J’ai vu récemment le film Octobre de Pierre Falardeau. Ce film m’a fasciné, comme me fascine toute cette période agitée de l’histoire du Québec. L’histoire du nationalisme radical québécois ne peut être comprise qu’en la plaçant dans le contexte des luttes de décolonisation qui se déroulaient à l’époque, ou des luttes idéologiques qui sévissaient en contexte de guerre froide. Les felquistes s’inspiraient de Cuba et de l’Algérie. À la même époque, il y avait aussi l’Uruguay ou le Chili, et plus tard, le Sentier lumineux au Pérou, sans parler de l’Afrique et de l’Asie.
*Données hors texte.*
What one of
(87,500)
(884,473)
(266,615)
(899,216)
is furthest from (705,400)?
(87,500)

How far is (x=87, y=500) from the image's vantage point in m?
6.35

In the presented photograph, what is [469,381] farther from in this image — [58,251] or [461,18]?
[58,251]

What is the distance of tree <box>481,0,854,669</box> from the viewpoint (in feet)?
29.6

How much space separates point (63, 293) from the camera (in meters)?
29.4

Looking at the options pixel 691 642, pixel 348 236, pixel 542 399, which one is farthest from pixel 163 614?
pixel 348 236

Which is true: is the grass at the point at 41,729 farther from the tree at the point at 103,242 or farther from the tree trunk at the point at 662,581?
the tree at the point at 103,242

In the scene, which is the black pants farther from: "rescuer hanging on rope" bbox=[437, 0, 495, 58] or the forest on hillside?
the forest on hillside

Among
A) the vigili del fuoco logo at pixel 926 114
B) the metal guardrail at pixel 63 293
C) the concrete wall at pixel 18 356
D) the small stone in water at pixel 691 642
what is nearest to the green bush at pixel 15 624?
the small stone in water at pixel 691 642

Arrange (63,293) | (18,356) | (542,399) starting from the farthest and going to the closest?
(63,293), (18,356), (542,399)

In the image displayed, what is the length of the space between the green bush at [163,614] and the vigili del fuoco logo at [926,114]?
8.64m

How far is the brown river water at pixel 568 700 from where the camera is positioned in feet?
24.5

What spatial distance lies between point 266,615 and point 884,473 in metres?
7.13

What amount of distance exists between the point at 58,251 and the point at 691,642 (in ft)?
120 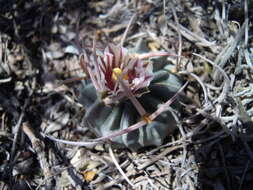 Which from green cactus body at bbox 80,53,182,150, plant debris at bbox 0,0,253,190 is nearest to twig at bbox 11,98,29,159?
plant debris at bbox 0,0,253,190

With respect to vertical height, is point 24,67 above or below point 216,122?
above

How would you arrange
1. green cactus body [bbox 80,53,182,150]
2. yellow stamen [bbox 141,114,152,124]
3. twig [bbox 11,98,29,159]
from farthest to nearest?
twig [bbox 11,98,29,159]
green cactus body [bbox 80,53,182,150]
yellow stamen [bbox 141,114,152,124]

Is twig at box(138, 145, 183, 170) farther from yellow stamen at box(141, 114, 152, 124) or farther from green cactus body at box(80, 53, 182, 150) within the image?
yellow stamen at box(141, 114, 152, 124)

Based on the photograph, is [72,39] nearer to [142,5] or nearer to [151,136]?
[142,5]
À la fin du film de Falardeau, après l’instauration des mesures de guerre, on voit les membres de la cellule Chénier débattre de ce qu’ils feront à partir de là. L’un deux, Jacques Rose ou Simard, dit alors, après la tentative d’évasion ratée de Laporte, qu’« il faut aller jusqu’au bout ». C’est essentiellement la même logique désespérée, disons-le perdante et aveuglée, que nous trouvons dans la plupart des cas d’attentats terroristes, qui à la fin ne donne rien, ne change rien. C’est le moule idéologique vain et assassin dans lequel les faibles se retrouvent lorsqu’ils sont confrontés aux puissants.
Dans certains cas, l’acte extrémiste violent des terroristes produira un cataclysme qu’eux-mêmes n’anticipaient pas, bien qu’ils aient été à la recherche du chaos (on pense à Gavrilo Princip tuant l’archiduc François-Ferdinand à Sarajevo). Dans la plupart des cas, leur acte ne sera ni plus ni moins qu’un crime sans autre conséquence que le durcissement répressif du pouvoir étatique. Dans tous les cas, un dilemme moral se présente néanmoins à la base de leur décision de commettre un attentat. C’est le dilemme présenté par Albert Camus dans son œuvre Les Justes, écrite lors sa querelle avec Jean-Paul Sartre à propos de sa pièce Les main sales. Vaut-il la peine de tuer un innocent pour une cause politique, lorsque celle-ci paraît juste?
Dans les faits, la plupart des causes politiques adoptées par les radicaux violents sont désespérées, c’est-à-dire utopiques ou absolutistes. Ceci n’excuse pas leur violence. Le désespoir n’empêche pas certaines causes de réussir, qu’elles soient matérialistes ou non, marxiste ou fasciste, séculaires ou religieuses. Celles que je trouve les plus intéressantes sont ces dernières, les religieuses, puisqu’elles supposent – en prétention – une pureté d’intention accompagnant le langage des armes. Je pense aux croisades, aux jihads, je pense même à la passion de Jeanne d’Arc, la pucelle, qui menait des armées en tenant sa bannière blanche avec le Christ pantocrator, les archanges Michel et Gabriel, sans apparemment jamais tuer un soldat pendant toutes ces batailles.
Le cœur a-t-il besoin d’une noble cause, d’un absolu, pour se purifier du sang que l’être humain fait couler? Qu’il s’agisse de sa patrie, de sa classe, ou de sa foi, le radical est-il jamais justifié de tuer un innocent, et ce même s’il fallait le faire pour en sauver mille! C’est une question de principe, et s’il fallait que j’en adopte une, je dirais que le martyre des mille innocents est préférable à toute violence perpétrée au nom d’un idéal spirituel.
Je ne pense pas résoudre ce débat; tout le Bhagavad Gita repose sur cette question. Je ne suis d’ailleurs pas certain que je voudrais être martyr, si on me demandait de choisir entre la position du prêtre tenant l’ostensoir et celle du guerrier qui défend sa communauté à la pointe de l’épée, à la toute fin du film « Mission ». La pureté n’est peut-être pas de ce monde, et le sang versé son unique condition.